The number can be an integer, or alternatively a floating point number in scientific or engineering format.

Parameters:

arg (str) – A string to be evaluate as a number

Author:

Gyro Funch (from Active State Python Cookbook)

Return type:

bool

time_str_secs(time_str)[source]

Resolves time string of the form '<NUMBER>s' or '<NUMBER>m' and returns the time in seconds.

Parameters:

time_str (str) – A time string, which must be of the form '<NUMBER>s' or '<NUMBER>m' where '<NUMBER>' is a valid number

Return type:

float

Returns:

Time in seconds

Author:

Vladimir Likic

window_sele_points(ic, window_sele, half_window=False)[source]

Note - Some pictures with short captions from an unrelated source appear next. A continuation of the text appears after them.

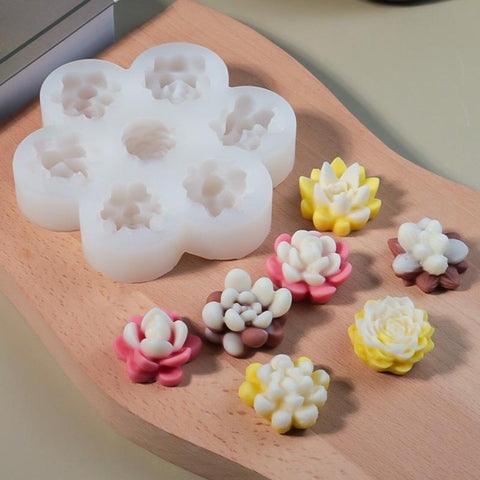 fondant succulent molds Smello's 3D Succulent Silicone Mould (FB 154)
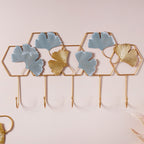 Gold and Blue Wall Mount Hanger Nestasia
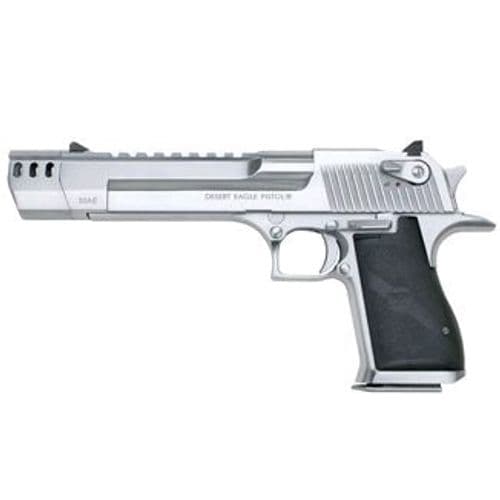 Magnum Research Desert Eagle 50 XIX 6" Brush Chrome w/Muzzlebreak Magnum Research Desert Eagle 50 XIX 6" Brush Chrome w/Muzzlebreak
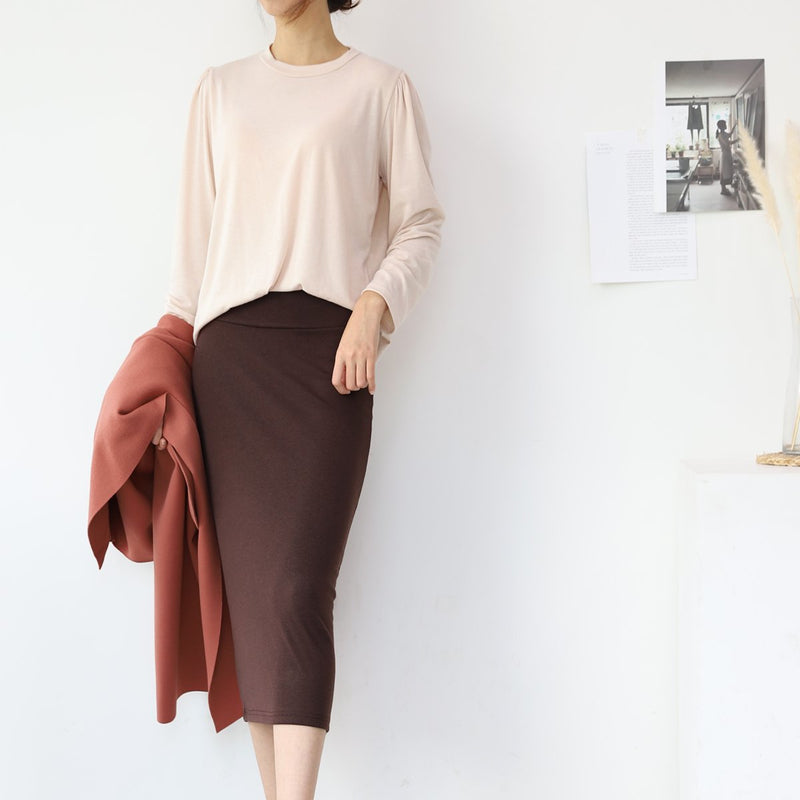 Stretch Midi Skirt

Converts window selection parameter into points based on the time step in an ion chromatogram

Parameters:
  • ic (IonChromatogram) – ion chromatogram object relevant for the conversion

  • window_sele (Union[int, str]) – The window selection parameter. This can be an integer or time string. If an integer, taken as the number of points. If a string, must of the form '<NUMBER>s' or '<NUMBER>m', specifying a time in seconds or minutes, respectively

  • half_window (bool) – Specifies whether to return half-window. Default False.

Return type:

int

Returns:

The number of points in the window

Author:

Vladimir Likic

pyms.Utils.Utils

General utility functions.

Functions:

is_number(obj)

Returns whether obj is a numerical value (int, :class`float` etc).

is_path(obj)

Returns whether the object represents a filesystem path.

is_sequence(obj)

Returns whether the object is a Sequence, and not a string.

is_sequence_of(obj, of)

Returns whether the object is a Sequence, and not a string, of the given type.

is_number(obj)[source]

Returns whether obj is a numerical value (int, :class`float` etc).

Parameters:

obj (Any)

Return type:

bool

is_path(obj)[source]

Returns whether the object represents a filesystem path.

Parameters:

obj (Any)

Return type:

bool

is_sequence(obj)[source]

Returns whether the object is a Sequence, and not a string.

Parameters:

obj (Any)

Return type:

bool

is_sequence_of(obj, of)[source]

Returns whether the object is a Sequence, and not a string, of the given type.

Parameters:
Return type:

bool

pyms.Utils.Utils.signedinteger

numpy.signedinteger at runtime; int when type checking.